There was more than fifteen years in age difference between them, and she was half a foot taller, but despite that, I could see that they were well suited to each other and clearly in love. She fussed over him like a mother hen, it is true, but she seemed to have brought out from his soul some latent strength. His eyes were clear and he held my gaze steadily as he told me their good news.

‘Elise predicted that we would be married one day,’ he said. ‘She told me on the day that I was whipped in France. And she was right, of course. But I didn’t know that I loved her until Messina. At first I told myself it was wrong; that the Devil was tempting me with lustful thoughts about her’ - I resisted the urge to smile; there was nothing lust-making about the skinny middle-aged woman before me that I could see - ‘but then Father Simon told me that if I took her hand in holy matrimony, our union would be blessed by God.
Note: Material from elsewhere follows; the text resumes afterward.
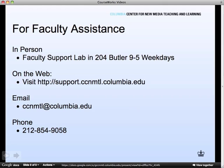If you need more assistance with CourseWorks, faculty can contact the Faculty Support Lab in 204 Butler at 212-854-9058 or via any of these other methods.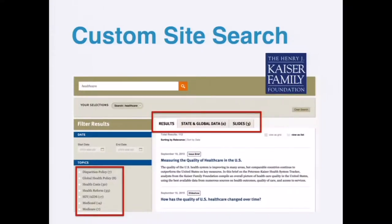The first site launched on WordPress.com VIP with Elasticsearch feature support was the Kaiser Family Foundation site, built by Alley Interactive. In addition to really good relevant search results, they've also done faceted searching — the idea of filtering results, like on Amazon when you search and filter by manufacturer. In this case, you can look at 120-ish results and filter down to those that just have slides, as an example.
And so we were wed by him a week ago.’

I congratulated him heartily; and indeed I was pleased for both of them. My love for Nur made me want all mankind to have the same happiness. ‘Of course, we want to have babies as soon as possible,’ he said. I looked at her white hair, and the wrinkles around her eyes, and murmured, ‘Of course,’ but he surprised me by continuing ‘so that God can bless our union in this Holy Land, and show us a sign of His divine approval of our match.’
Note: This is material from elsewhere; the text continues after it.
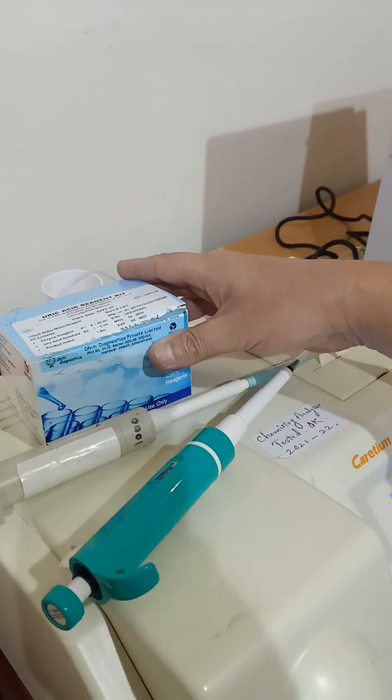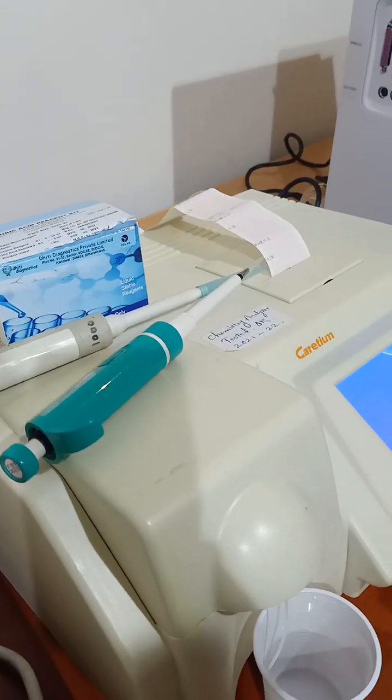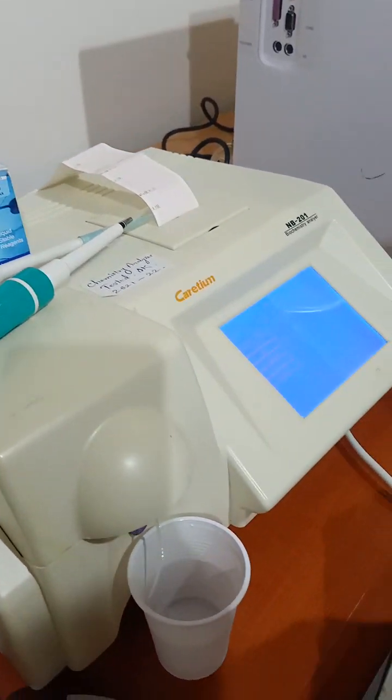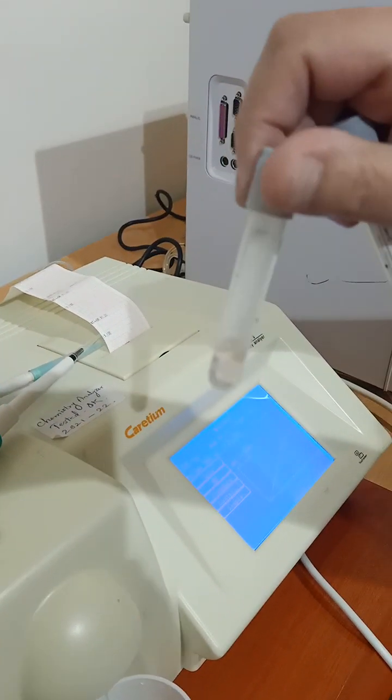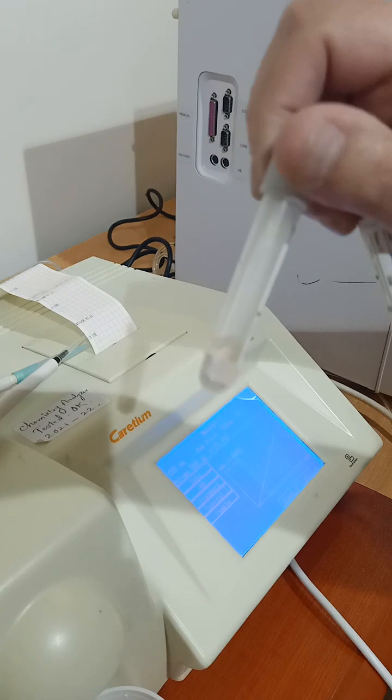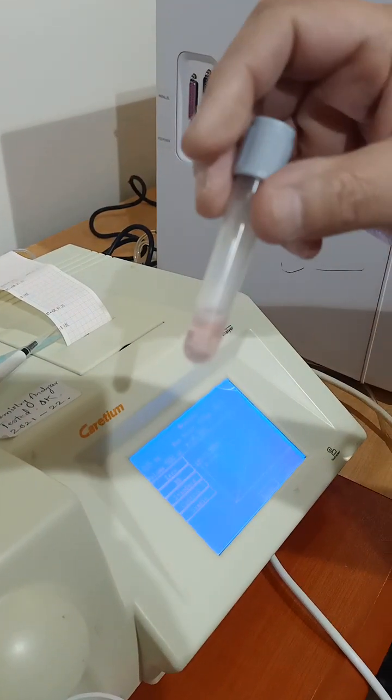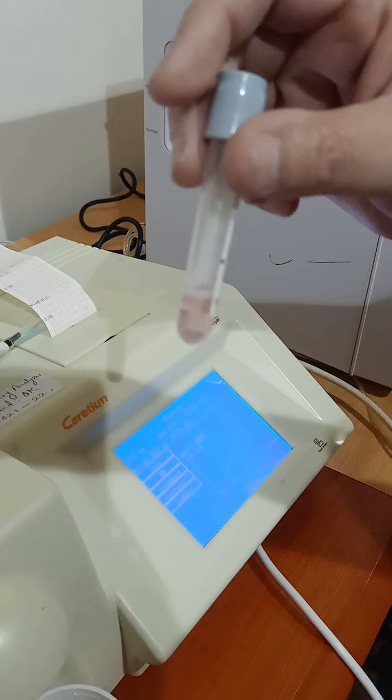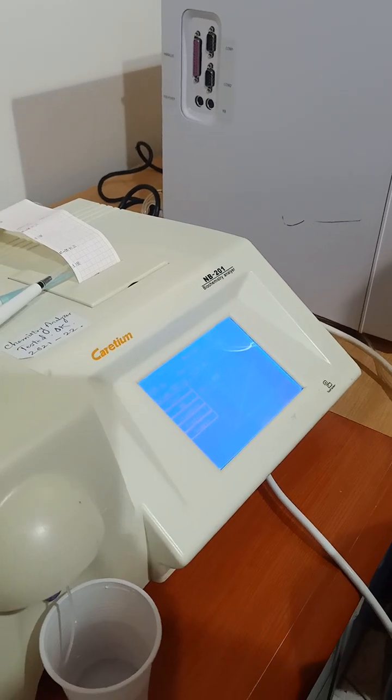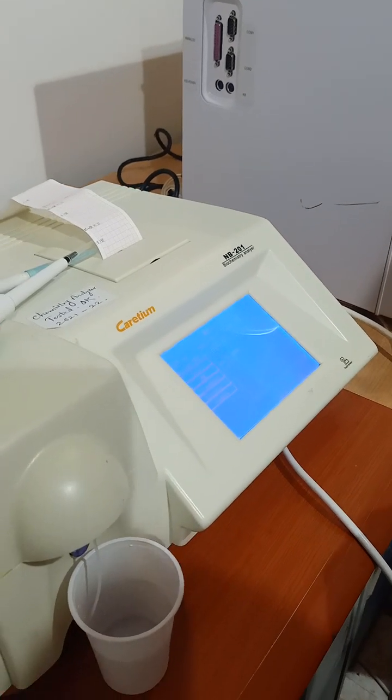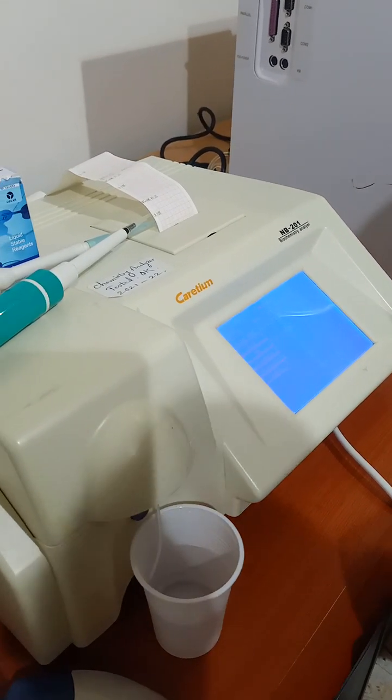First, we take one ml from the blank. This is the blank, one milliliter. And one milliliter for another tube. This is the standard. We take our sample. If it's sample or standard, 25 microliter.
It was clear that Will had not become any less religious since he set foot in the land that had given nurture to Our Lord Jesus Christ.

I kissed Elise, too, and just as she and Will were leaving she said: ‘I know that you don’t believe in my prophecies, Alan, but I was right about you, wasn’t I? You were not destined to die here in this place; as I told you, you will die in bed, at home, an old man.’ And then she did a strange thing; she bent down and picked up the old-fashioned wolf’s head shield that Little John had left at the bottom of the bed. ‘But carry this with you at all times; it will save your life,’ she said solemnly, then she took Will’s hand and they both left. I was struck by the fact that she should echo Little John’s advice about the shield, and I vowed that I would learn to use it, and carry it with me whenever I next went into battle.

 

As the days passed, I grew stronger. Robin had disappeared and when I asked after my master with Owain and Sir James de Brus, neither seemed to know where he had gone. Reuben seemed to have vanished, too. When I questioned Little John, he rather curtly told me to stop worrying, and to stop asking questions; my master’s business was his own. But the big man was as good as his word about the shield lessons and came each morning to give me instruction. In truth, it was not difficult, although my tender stomach muscles gave me some trouble to begin with - I now had a short, ugly purple scar to the right of my belly button, where the barber-surgeons had cut out Malbête’s quarrel. Wounded belly or no, Little John soon had me skipping about the sunlit courtyard of the Hospitallers’ quarter, John striking at me with a yard-long wooden baton, and myself using only the shield to block his powerful blows: high, low, and the tricky ones that aim to come around the edge. At first I was quickly exhausted by the exercise, and even though we practiced in the early morning, the heat soon became unbearable. But as I grew stronger, I was able to enjoy the practice sessions with my huge friend, and endure the discomfort for longer. When John saw that I had mastered the basic moves, he progressed to teaching me more sophisticated manoeuvres with the shield: strikes on an opponent with the flat and edge, and how to use the shield to distract your enemy so that he reacted slowly to your sword blow.